Outdated legacy systems have plagued insurers for years. These systems, built by programmers throughout the ’80s and ’90s yet maintained into the new century, already create issues for insurers who wish to shift to newer technology, as well as those who want to make more services available online for customers and employees. However, the compliancy requirements of Solvency II are now forcing an upgrade, and many insurers are far from ready.
That said, newer companies tend to be in a slightly better position because their systems are already more modern but many older companies face numerous challenges, one of those being an aging workforce. As workers who are adept at working with these older mainframes and COBOL programs retire, skills gaps are created and it can become even more difficult to attract younger replacements as they would prefer to work on newer systems.
Besides the need to merely be in compliance with Solvency II, insurers face another danger. Older systems can make the required data for that compliance more difficult to access, leading to less accuracy in calculations regarding available capital. Less accurate calculations may result in a company that is less competitive all around because they may be required to reserve capital in the absence of more precise information. This leads to less financial flexibility and adaptability.
With Solvency II set to go into effect on January 1, 2016, this gives insurers some time to overhaul their systems in order to remain compliant, but is it enough? Particularly as some insurers are still using tools like spreadsheets, revamping their systems is going to take an enormous amount of time and money.

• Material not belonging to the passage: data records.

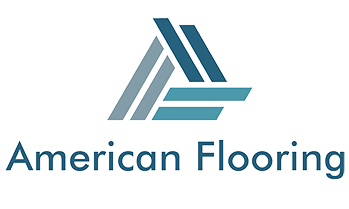 The logo for american flooring is blue and white and looks like a triangle.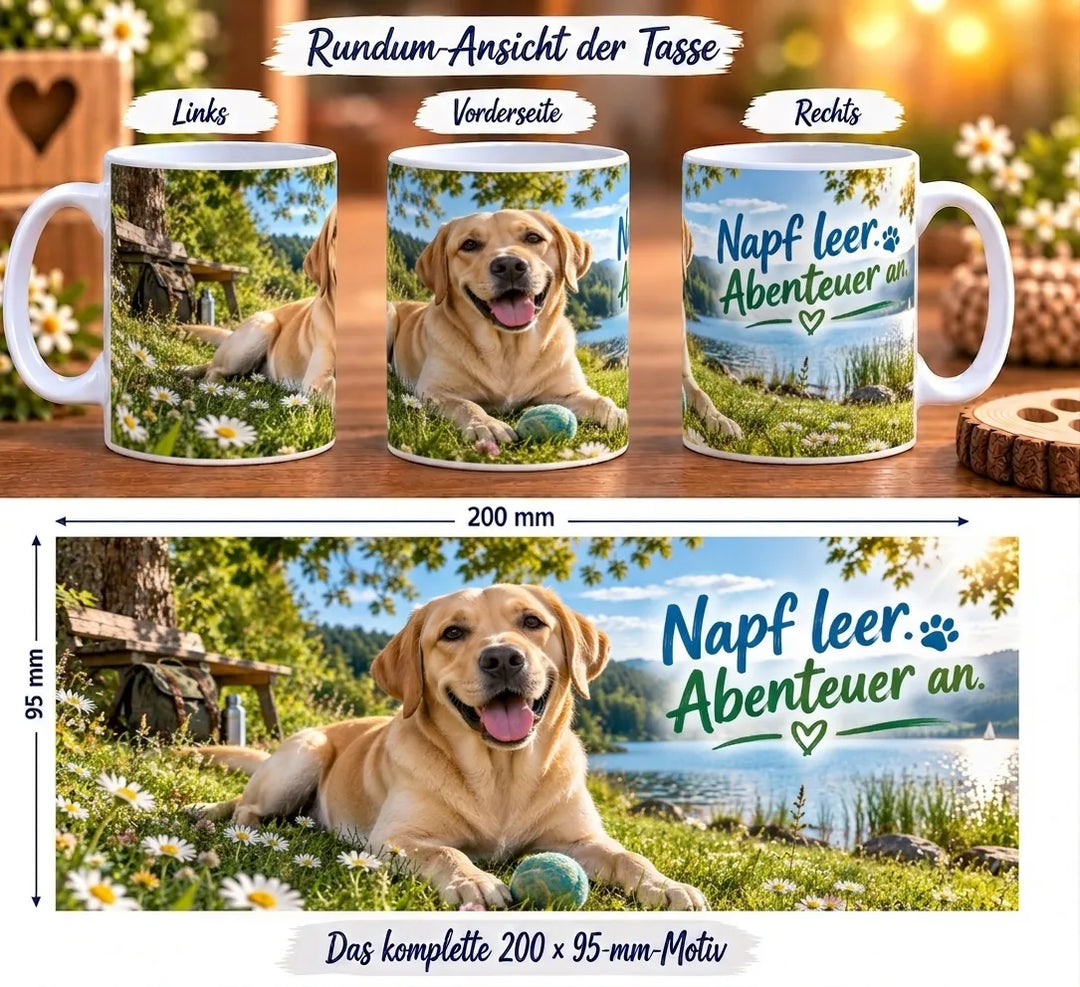 Rundumansicht der Labrador-Tasse mit Hund auf einer Blumenwiese, See und dem Spruch „Napf leer. Abenteuer an.“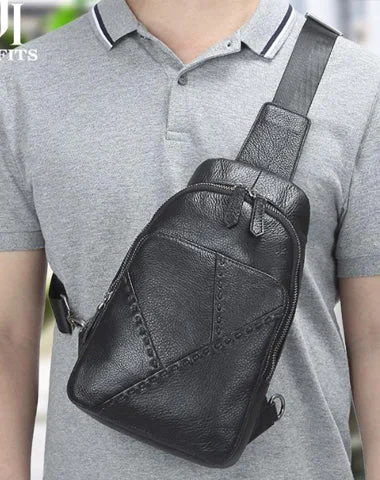 Black Leather Men's 8-inch One shoulder Backpack Sling Bag Black Chest Bag Sports Bag For Men Black Leather Men's 8-inch One shoulder Backpack Sling Bag Black Chest Bag Sports Bag For Men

It is possible that Solvency II is something of a red herring as roughly half of insurers acknowledge that they are operating with obsolete code, and if this is the case, these companies need to upgrade no matter what. Even systems that are only a decade or so old, are now considered out of date because the industry has changed so much due to the financial crisis and technological advances. With or without Solvency II, the fact is that the insurance industry faces a significant shift in how they do business and this goes far beyond just upgrading software.
With a number of difficulties to overcome, one decision insurers will need to make is whether they want to keep all operations in-house or outsource some of them. Some experts feel that outsourcing could be one solution because it will allow insurers to focus on their particular strengths whilst outside firms look after aspects such as technological upgrades.
Another concern is that many insurers are simply not aware of what they need to do, and their options may shrink if they continue to delay.
The limitations of current software solutions present another obstacle. Some companies are working with upgraded software that runs with legacy systems but in general, this software can address some areas but not others. Some areas of risk such as operational and expense still lack the comprehensive and sophisticated tools needed for updates.
Another potential solution is a complete system overhaul, but this can be taxing on resources. It may be difficult to persuade some companies of the necessity for an entirely new system, and furthermore, an upgrade now doesn’t mean further upgrades in the future aren’t required. It is still possible that within a few years’ time, the new system will be obsolete as well.
One unique challenge presented by Solvency II is simply the cost of running calculations. Companies are faced with a choice between the running costs for the hardware needed to perform these calculations versus the costs of using cloud operations. Cloud operations may appear cheaper initially, but this may not necessarily be the case. Because so few insurers use the cloud extensively at present, it is difficult to estimate what the costs may be and whether companies may tend to routinely have issues with heavy usage or capacity.
Solvency II is only one part of an overall change in the industry that will force insurers to change not just how their technology works but how they do business. Insurers face a sea-change that goes far beyond how they estimate costs or process claims. New regulations, plus consumer expectations, are demanding the revamp of legacy systems and a sleeker, more streamlined and modern approach to global insurance.